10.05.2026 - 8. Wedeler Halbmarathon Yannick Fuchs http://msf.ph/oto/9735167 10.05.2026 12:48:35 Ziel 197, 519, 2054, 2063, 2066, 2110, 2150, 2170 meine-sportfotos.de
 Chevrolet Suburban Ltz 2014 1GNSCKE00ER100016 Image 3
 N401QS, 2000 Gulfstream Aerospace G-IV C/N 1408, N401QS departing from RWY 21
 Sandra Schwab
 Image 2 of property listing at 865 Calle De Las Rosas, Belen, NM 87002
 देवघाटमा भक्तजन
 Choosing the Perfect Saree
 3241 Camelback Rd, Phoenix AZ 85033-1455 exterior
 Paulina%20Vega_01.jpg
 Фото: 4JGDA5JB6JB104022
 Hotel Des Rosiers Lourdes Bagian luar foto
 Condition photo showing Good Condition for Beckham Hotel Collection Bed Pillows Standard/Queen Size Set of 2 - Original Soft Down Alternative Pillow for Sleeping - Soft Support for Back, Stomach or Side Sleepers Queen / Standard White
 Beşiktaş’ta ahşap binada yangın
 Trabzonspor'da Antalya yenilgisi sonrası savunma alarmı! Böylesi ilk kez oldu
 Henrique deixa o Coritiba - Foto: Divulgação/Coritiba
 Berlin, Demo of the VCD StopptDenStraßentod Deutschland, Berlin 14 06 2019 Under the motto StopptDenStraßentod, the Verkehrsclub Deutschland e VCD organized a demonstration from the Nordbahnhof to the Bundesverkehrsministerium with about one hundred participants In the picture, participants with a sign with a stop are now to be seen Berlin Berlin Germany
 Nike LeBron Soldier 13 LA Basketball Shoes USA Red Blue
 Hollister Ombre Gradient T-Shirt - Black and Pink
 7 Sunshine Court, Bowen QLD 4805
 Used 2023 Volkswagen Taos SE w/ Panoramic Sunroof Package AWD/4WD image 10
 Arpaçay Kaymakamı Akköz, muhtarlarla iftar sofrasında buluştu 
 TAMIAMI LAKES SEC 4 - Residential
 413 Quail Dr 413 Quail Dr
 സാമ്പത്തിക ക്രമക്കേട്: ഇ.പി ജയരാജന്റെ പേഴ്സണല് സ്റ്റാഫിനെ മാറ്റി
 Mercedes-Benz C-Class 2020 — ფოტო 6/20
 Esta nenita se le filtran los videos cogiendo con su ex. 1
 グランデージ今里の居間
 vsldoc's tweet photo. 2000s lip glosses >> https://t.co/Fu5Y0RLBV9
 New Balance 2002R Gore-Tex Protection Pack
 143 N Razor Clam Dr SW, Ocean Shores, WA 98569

- Exercise
Each record should come back exactly as written.

- Response
10.05.2026 - 8. Wedeler Halbmarathon Yannick Fuchs http://msf.ph/oto/9735167 10.05.2026 12:48:35 Ziel 197, 519, 2054, 2063, 2066, 2110, 2150, 2170 meine-sportfotos.de
 Chevrolet Suburban Ltz 2014 1GNSCKE00ER100016 Image 3
 N401QS, 2000 Gulfstream Aerospace G-IV C/N 1408, N401QS departing from RWY 21
 Sandra Schwab
 Image 2 of property listing at 865 Calle De Las Rosas, Belen, NM 87002
 देवघाटमा भक्तजन
 Choosing the Perfect Saree
 3241 Camelback Rd, Phoenix AZ 85033-1455 exterior
 Paulina%20Vega_01.jpg
 Фото: 4JGDA5JB6JB104022
 Hotel Des Rosiers Lourdes Bagian luar foto
 Condition photo showing Good Condition for Beckham Hotel Collection Bed Pillows Standard/Queen Size Set of 2 - Original Soft Down Alternative Pillow for Sleeping - Soft Support for Back, Stomach or Side Sleepers Queen / Standard White
 Beşiktaş’ta ahşap binada yangın
 Trabzonspor'da Antalya yenilgisi sonrası savunma alarmı! Böylesi ilk kez oldu
 Henrique deixa o Coritiba - Foto: Divulgação/Coritiba
 Berlin, Demo of the VCD StopptDenStraßentod Deutschland, Berlin 14 06 2019 Under the motto StopptDenStraßentod, the Verkehrsclub Deutschland e VCD organized a demonstration from the Nordbahnhof to the Bundesverkehrsministerium with about one hundred participants In the picture, participants with a sign with a stop are now to be seen Berlin Berlin Germany
 Nike LeBron Soldier 13 LA Basketball Shoes USA Red Blue
 Hollister Ombre Gradient T-Shirt - Black and Pink
 7 Sunshine Court, Bowen QLD 4805
 Used 2023 Volkswagen Taos SE w/ Panoramic Sunroof Package AWD/4WD image 10
 Arpaçay Kaymakamı Akköz, muhtarlarla iftar sofrasında buluştu 
 TAMIAMI LAKES SEC 4 - Residential
 413 Quail Dr 413 Quail Dr
 സാമ്പത്തിക ക്രമക്കേട്: ഇ.പി ജയരാജന്റെ പേഴ്സണല് സ്റ്റാഫിനെ മാറ്റി
 Mercedes-Benz C-Class 2020 — ფოტო 6/20
 Esta nenita se le filtran los videos cogiendo con su ex. 1
 グランデージ今里の居間
 vsldoc's tweet photo. 2000s lip glosses >> https://t.co/Fu5Y0RLBV9
 New Balance 2002R Gore-Tex Protection Pack
 143 N Razor Clam Dr SW, Ocean Shores, WA 98569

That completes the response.